School of Arts and Sciences
Department of Physics and Astronomy

ATLAS Group

The Tufts University Elementary Particles Group joined ATLAS in 1994. Together with Boston University, Brandeis University, Harvard University, and Massachusetts Institute of Technology we decided to work as a single group, the Boston Muon Consortium (BMC), on the ATLAS muon system. After the decision to focus on the ATLAS end-cap muon system, the Tufts Group was very active in initial physics simulations and in construction and testing of the first MDT end-cap muon chamber, with Prof. Mann leading the latter effort. The Tufts Group's high precision computer-controlled machine shop served as a R&D lab for BMC, and later manufactured thousands of small, very precise and custom-designed pieces needed for the MDT chambers and for the entire alignment system.
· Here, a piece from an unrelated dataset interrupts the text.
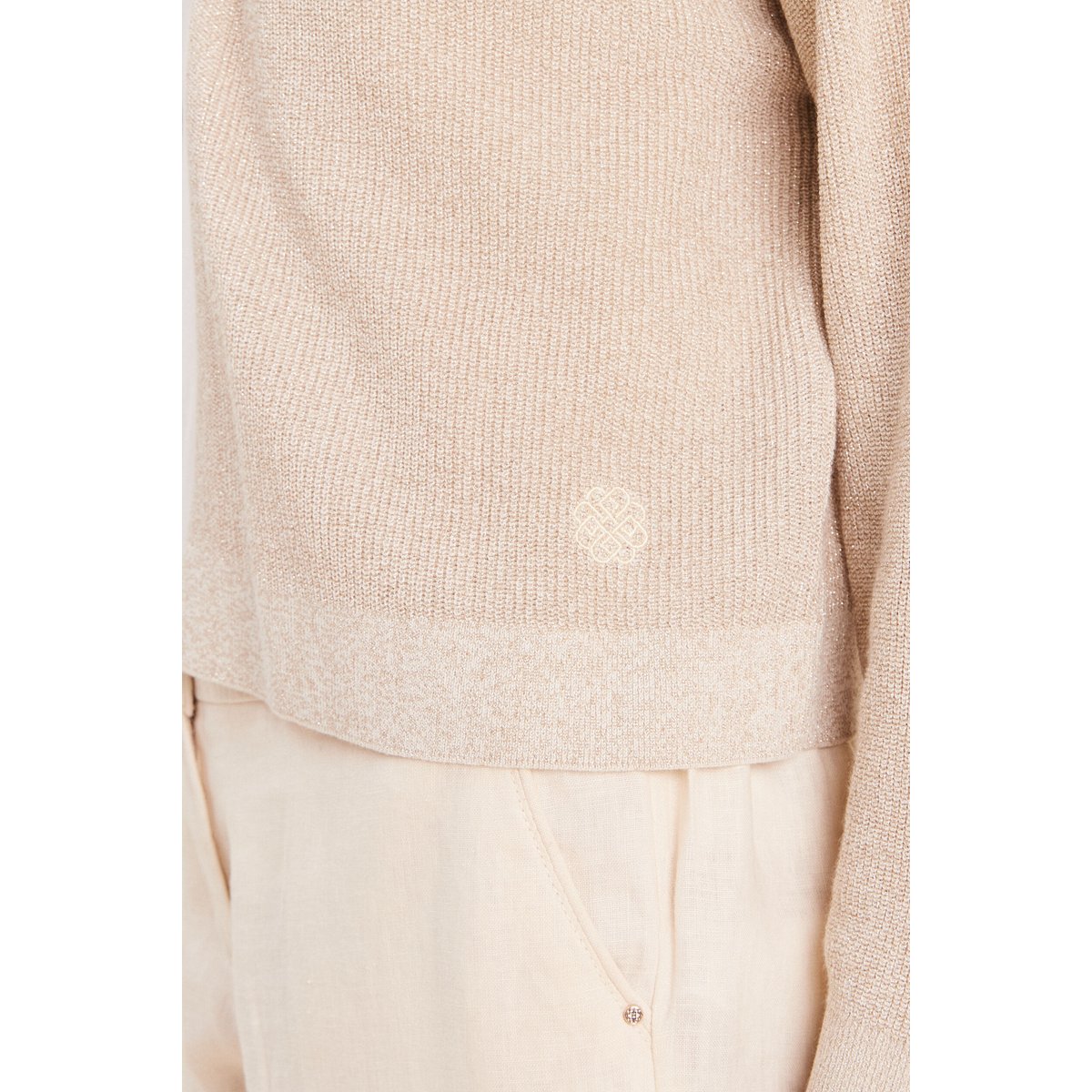 Gilet manches longues brillant couleur or, BREAL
At the same time, the Tufts ATLAS Group was very active in studying and planning the world-wide data analysis and reconstruction, needed for the world-wide collaboration like ATLAS. MONARC, a very successful LHC project created jointly by Tufts and Caltech, provided the first realistic modelling of such a world-wide, distributed computer system.

The Tufts ATLAS Group currently consists of three faculty (Pierre-Hugues Beauchemin - who joined the group recently, Austin Napier and Krzysztof Sliwa), a research-associate (Federico Sforza), a graduate student (Hyungsuk Son) and a part-time consultants (Benjamin Whitehouse, a Tufts former graduate student). The Tufts Group was very active in the analysis of the muon test-beam data, and continued to work on the muon reconstruction software. The Tufts ATLAS Group developed the MuonTrackingGeometry, a completely new description of the entire muon system, including the active and the passive elements, which allows the use of ATLAS common tracking tools in muon reconstruction. The MuonTrackingGeometry is also an essential component of FatRas, a new, fast ATLAS track simulation which models the detector response at the hit level. Tufts ATLAS Group was responsible for simulation of the entire muon system in FatRas. FatRas is now an important part of the Integrated Simulation Framework, a new fast simulation of the entire ATLAS detector. At the same time, we continue with physics studies. The Tufts ATLAS Group is interested in W+jets and Z+jets physics, top physics, Higgs boson studies, and physics beyond the Standard Model (non-standard Higgs searches, SUSY, extra dimensions et cetera). The main objective of the LHC Run-II analyses is to find out whether the new particle discovered in 2012 is a Minimal Standard Model Higgs, or some other kind. It would be really exciting if the latter were true. There is also a chance that with increased energy of the proton-proton collisions completely new particles will be found. Here, studies of top quarks are extremely important, as top quarks will constitute the most important background for almost any final states due to "new physics" and have to be understood very well.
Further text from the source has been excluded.